# DIRECTIONS:
In your copy, leave out the pictures and output only the lines from the one holding "Cartoline postali: Estavayer-le" through the end of the data below, exactly.

# DATA BLOCK:
=== Begin Enclosure ===

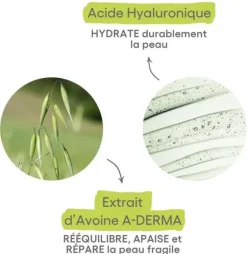 Crème universelle hydratante A-Derma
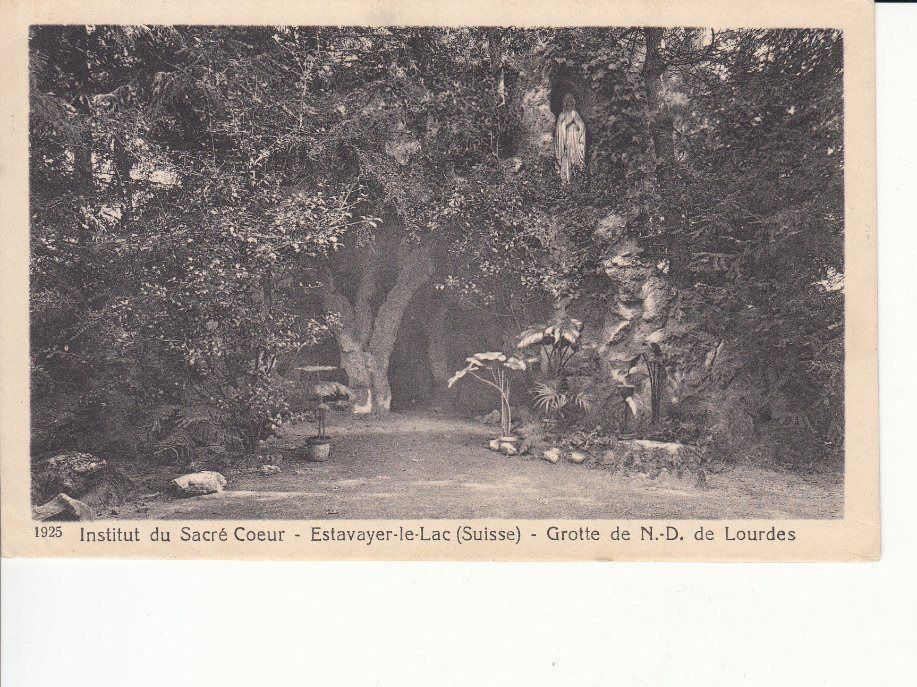Cartoline postali: Estavayer-le Lac 1926 – Usato da Bürglen TG venduto da StampGraf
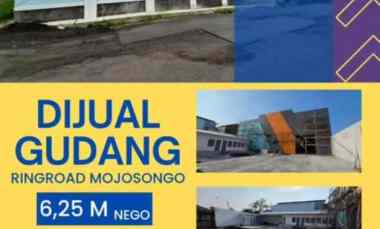 dijual gudang di ringroad mojosongo solo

=== End Enclosure ===

# ANSWER FOR THE TASK:
Cartoline postali: Estavayer-le Lac 1926 – Usato da Bürglen TG venduto da StampGraf
 dijual gudang di ringroad mojosongo solo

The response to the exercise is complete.